Department of History

Robert Self

Mary Ann Lippitt Professor of American History, Professor of History
Sharpe House 320
Areas of Expertise United States
Office Hours Tuesdays, 1-3PM

Biography

Robert Self is Mary Ann Lippitt Professor of American History and Department Chair. A historian of modern American history, Self is the author of All in the Family: The Realignment of American Democracy since the 1960s (Hill and Wang 2012), a history of a half-century of gender and sexual politics in the United States, and American Babylon: Race and the Struggle for Postwar Oakland (Princeton, 2003), an award-winning study of metropolitan politics featuring the simultaneous rise of the tax revolt and black power in California in the decades after World War II.

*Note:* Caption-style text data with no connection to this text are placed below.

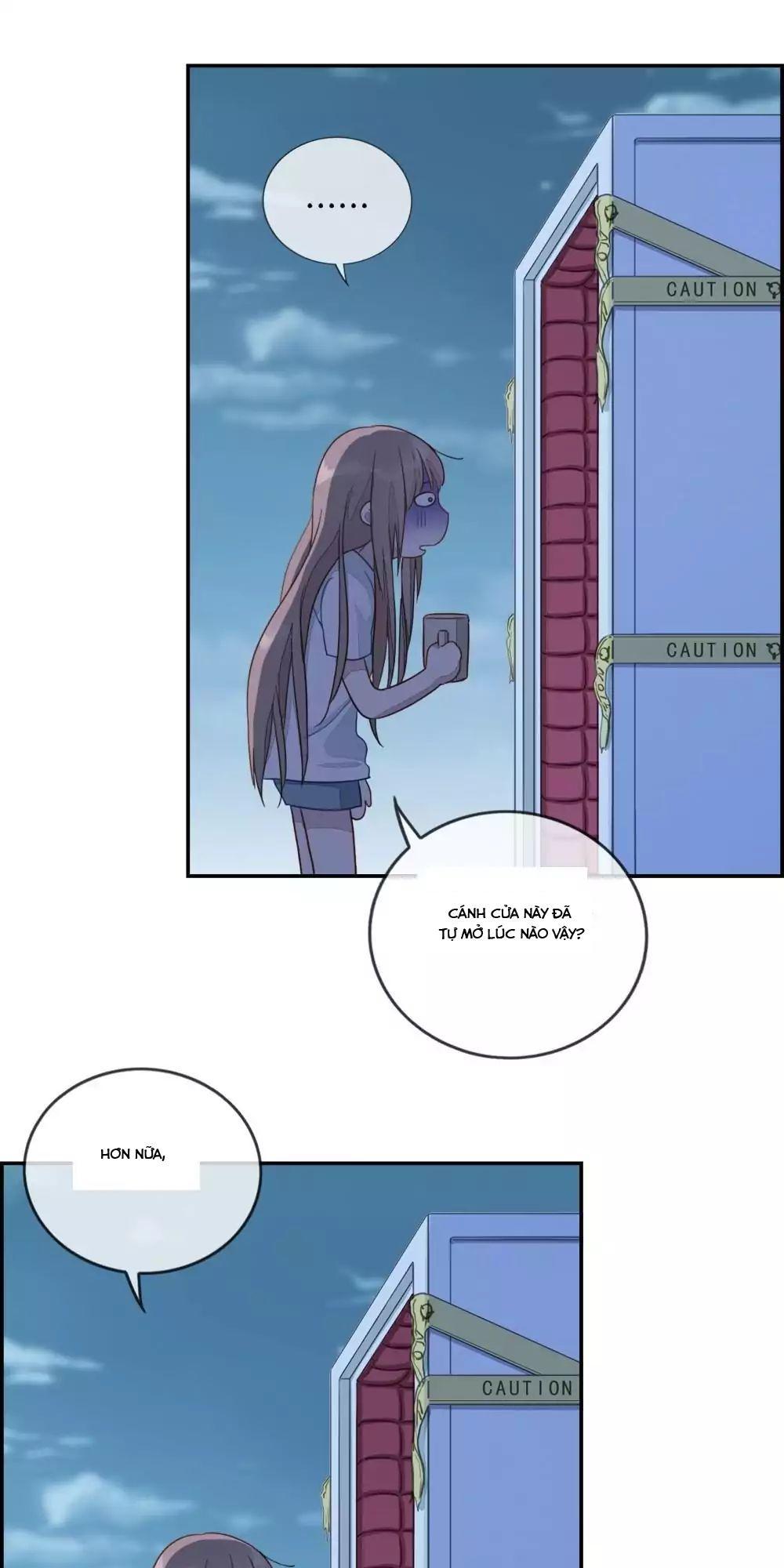 dữ liệu tình yêu chapter 1.1 5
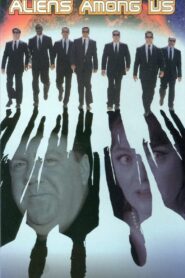 Alien Avengers II 1997 one on netflix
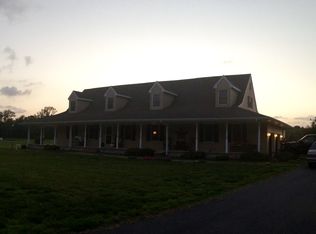 11555 Sycamore Rd, Laurel, DE 19956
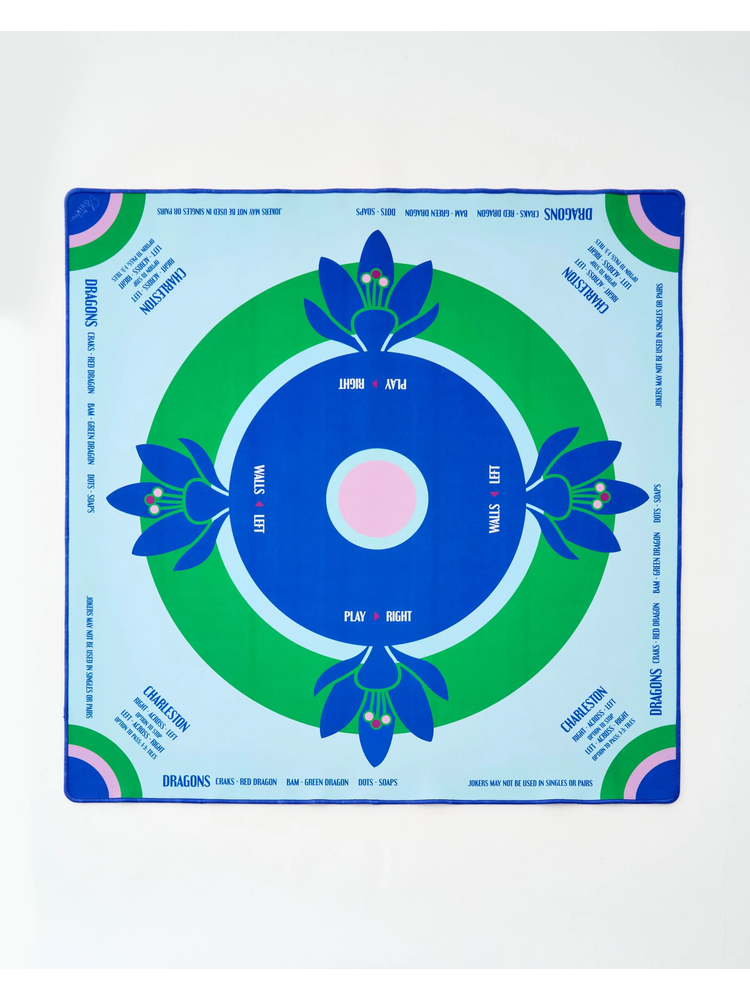Cercle vert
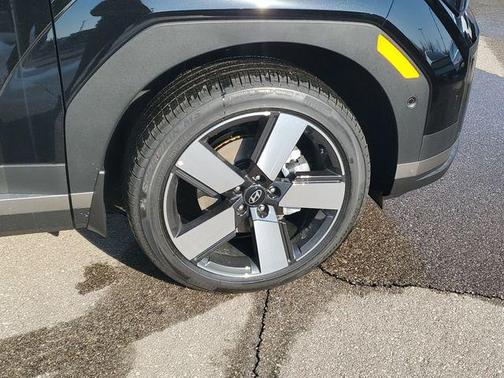 2026 Hyundai SANTA FE HEV Limited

He is also co-editor, with Margot Canaday and Nancy Cott, of Intimate States: Gender, Sexuality, and Governance in Modern U.S. History, (University of Chicago, 2021) about the modern history of the American state's power in, and over, people's intimate lives. A former Guggenheim and Burkhardt Fellow, Self is now at work on a book entitled "Driven: The Rise and Fall of the Hydrocarbon Middle Class," about houses, cars, and children in the making of the modern middle-class family and the modern energy regime. Additionally, with James Henretta, Eric Hinderaker, and Rebecca Edwards, he is the author of America’s History, a comprehensive college and AP High School U.S. history textbook.